TEATRO › LA CARRERA DEL DIRECTOR
› Por Alina Mazzaferro
En 1983, en pleno festejo por el retorno de la democracia, Claudio Hochman y Caleidoscopio se lanzaron a la calle para hacer teatro. En una época en la que las expresiones artísticas poco convencionales habían quedado adormecidas por la dictadura, Hochman y su equipo llamaban la atención, copando Parque Centenario, plaza Lezama y las zonas balnearias durante el verano. “Eramos desenfrenados, hacíamos cosas delirantes”, se acuerda el director. “Un verano nos fuimos a Córdoba, a una casa abandonada que tenía la madre de Mariana Briski, que estaba en el grupo. Me llevé catorce personas a vivir a esa casa, instalamos un sistema de luz hecho con latas y robamos la corriente de la calle para conectarlo. Mandaba a los actores a los pueblos para que consiguieran, con un volante barato, un espacio para poder hacer el espectáculo y auspicios de los negocios.” También recuerda la experiencia en Villa Gesell: “Los martes y los jueves, en un anfiteatro natural en el medio de los médanos, cantaban coros. Nosotros fuimos a pedir un lugar pero nos dijeron que lo utilizáramos los días en que estaba vacío. Pero nadie iba a ese lugar cualquier otro día; entonces íbamos con zancos a la playa por la mañana para repartir volantes”.
El desopilante grupo llegó a los oídos del director del Teatro San Martín, Kive Staiff, quien invitó enseguida a Hochman a participar de la temporada de 1988. “Es que los espectáculos estaban bien, había mucho juego del teatro dentro del teatro, mucho quiebre. Kive quería ver primero qué hacíamos y nos propuso montar algo para la fiesta del teatro de fin de año, en 1987. Armamos Mercie, un espectáculo en el hall en el que nos hacíamos pasar por franceses porque creíamos que así nos iban a poner más dinero en la gorra”, se ríe Hochman.

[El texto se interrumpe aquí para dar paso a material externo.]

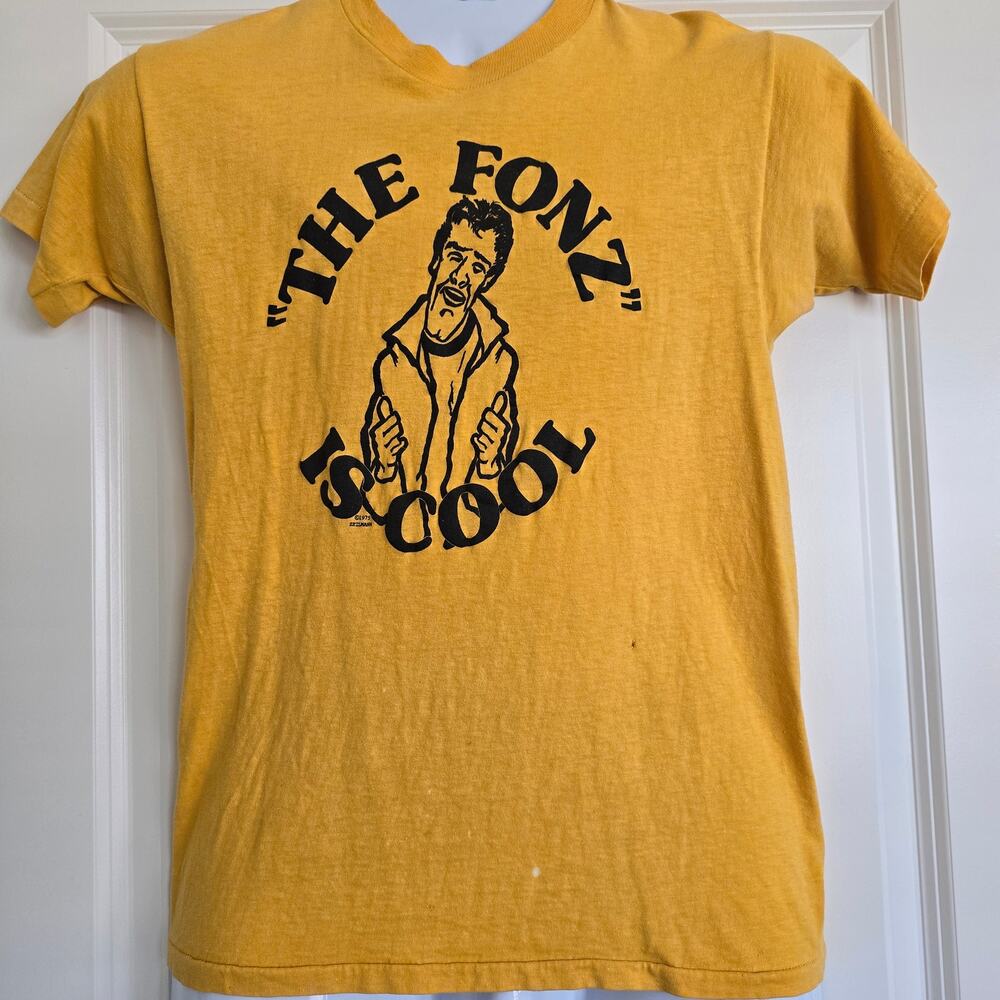 Mayo Spruce Yellow "The Fonz is Cool" Rare Collectable 70's T-Shirt Size M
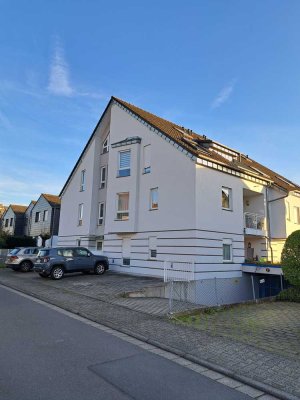 Ansprechende und vollständig renovierte 2-Zimmer-Wohnung in Rodgau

Además, para ese mismo evento, cortaron la calle Corrientes con una murga temática e invadieron la entrada del San Martín con un “musical dark”. Al año siguiente, el desafío fue trasladar las técnicas del teatro callejero al escenario de la sala municipal. Así se originó La comedia de las equivocaciones, una versión del texto de Shakespeare en la que los actores hacían malabares y tocaban música en vivo. Luego llegó Cyrano, de Edmond Rostand, la pieza que consagró a Hochman y le permitió entrar a Europa por la puerta grande, luego de que un productor lo invitara a montarla en Lisboa con actores portugueses. “Con Caleidoscopio ya habíamos ido a Europa pero de forma delirante. Mandábamos cartas a los festivales y nos invitaron a uno en Yugoslavia. Compramos el Eurailpass y viajamos por Italia, Francia y Dinamarca, haciendo teatro en la calle y pasando la gorra. Lo de Cyrano, en cambio, ya fue algo más serio”, repasa el director.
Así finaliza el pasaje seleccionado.